Inspirational Consumer: June 2004
Charlie Stone, New Zealand
My name is Charlie and many people I know talk about Lovemarks. It wasn’t until the Beatles popped up in the top ten on Lovemarks.com that I fully understood the Lovemark concept.
From an advertising perspective, how utterly amazing to have product brands keep the company of such endearing touchstones as the Beatles and Dr. Seuss. All the nominations that seem strange, well... they deserve revisiting in this new light. The cynical tend to focus on one angle, that companies are being told by their advertisers to give them better products to sell. They don’t get it and never will. The enthusiasts, on the other hand, realise that “Lovemark” is just terminology... recognition of a great product.
Many first-time site visitors seem to be confused as to what exactly a Lovemark is. But when they see the brilliant Love-Respect axis, the penny drops. I am a dedicated consumer with unique tastes and requirements.
I have had my curiosity aroused by about fifty nominated Lovemarks that I didn’t know beforehand, as well as getting a great deal of satisfaction reading stories about the ones I already knew and agreed with (but found it had already been said better than I could). There are a few more destinations now on my next year’s consumption itinerary.

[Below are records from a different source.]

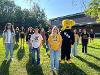 A large group of students pose with Wichita State’s mascot WuShock on a sunny day.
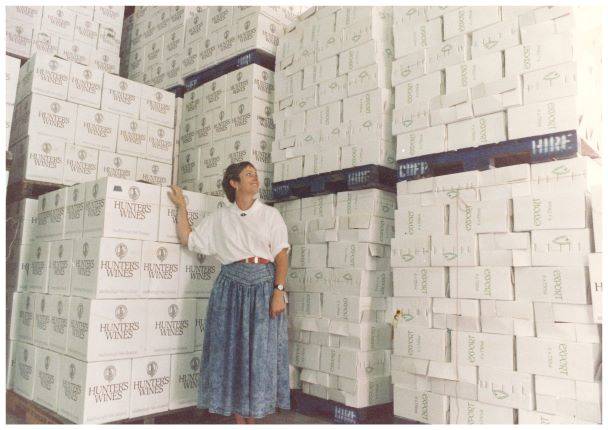 Jane Hunter posing in warehouse with pallets and boxes of wine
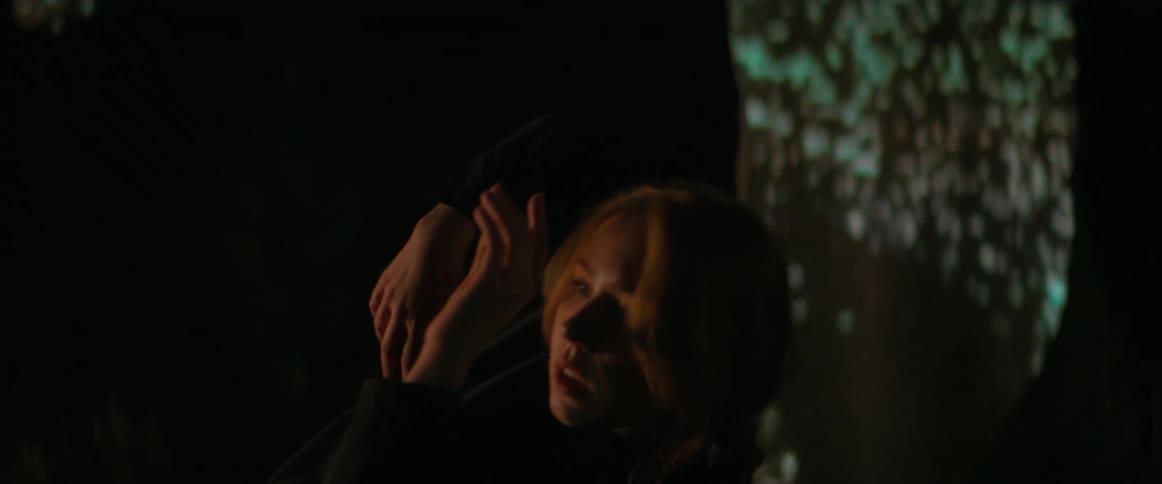 Blonde woman wearing black clothes dance in front of an outdoors projection at night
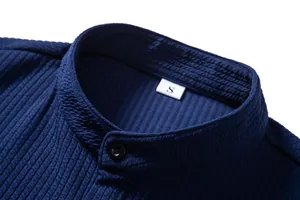 Close-up detail of navy blue textured fabric and band collar on a men's casual shirt.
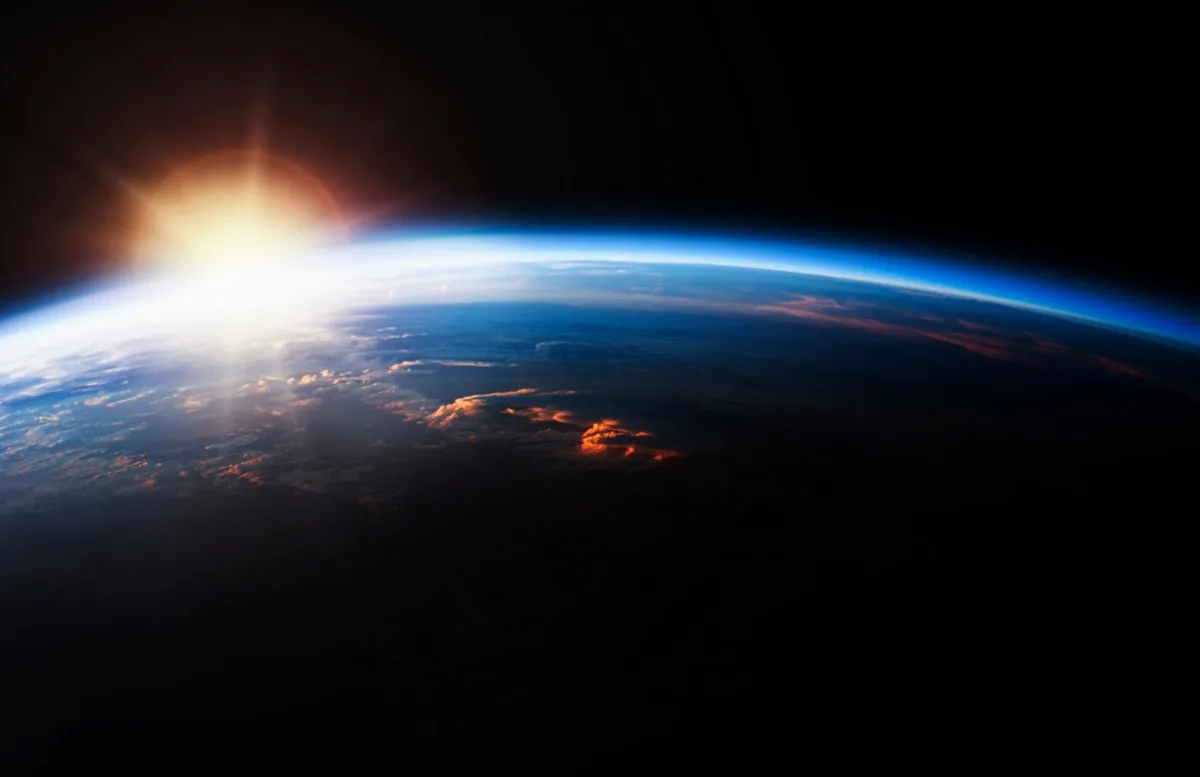 Earth from space with sunrise, showing atmosphere and cloud formations.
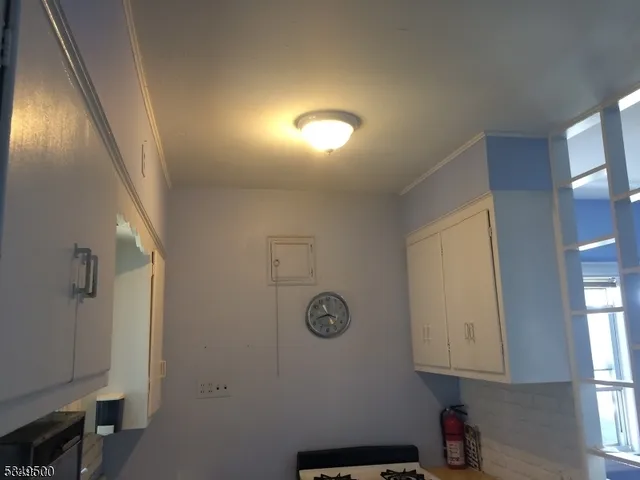 a view of staircase with white walls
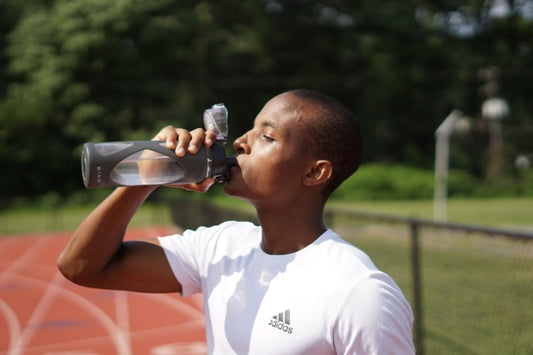 A Black Man Drinking Water from a Water Bottle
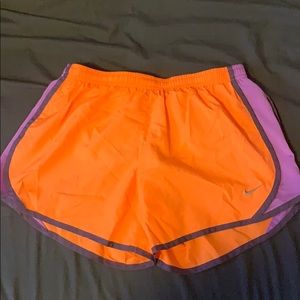 orange and purple nike shorts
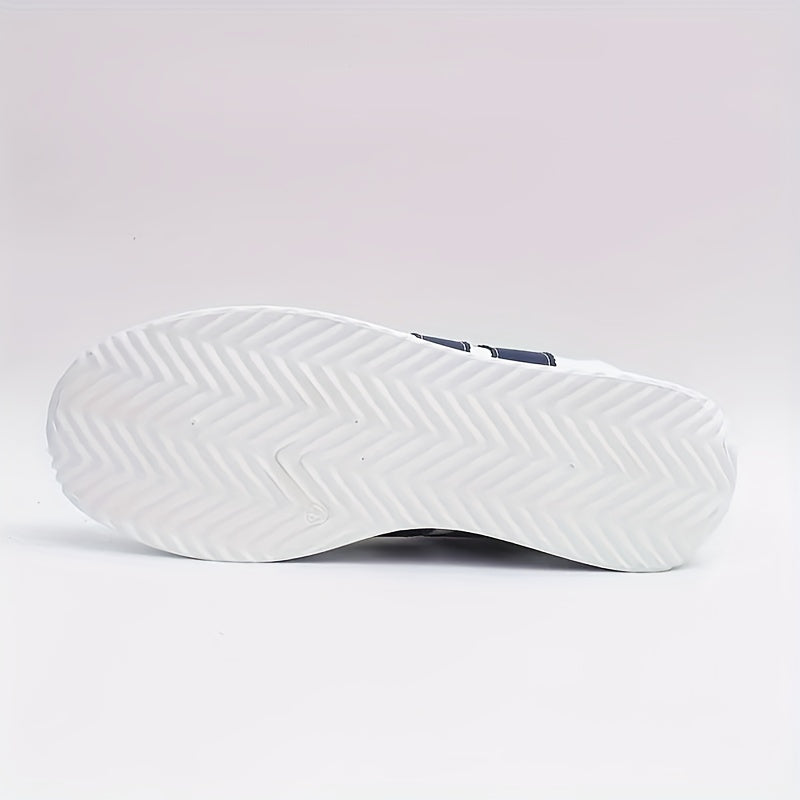 White lace-up trainers with navy side stripes and a flat sole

I believe the Lovemark concept is tremendously powerful. From companies to governments to marriages in trouble, the whole world can benefit from a large dose of the “make me love you again” concept. But conspicuously being driven too hard by advertisers could be fatal. Kevin Roberts has laid this out clearly, several times referring in his speeches to the ball being in the court of the companies producing the goods. Lovemarks has been the most refreshing example of a good virus in years.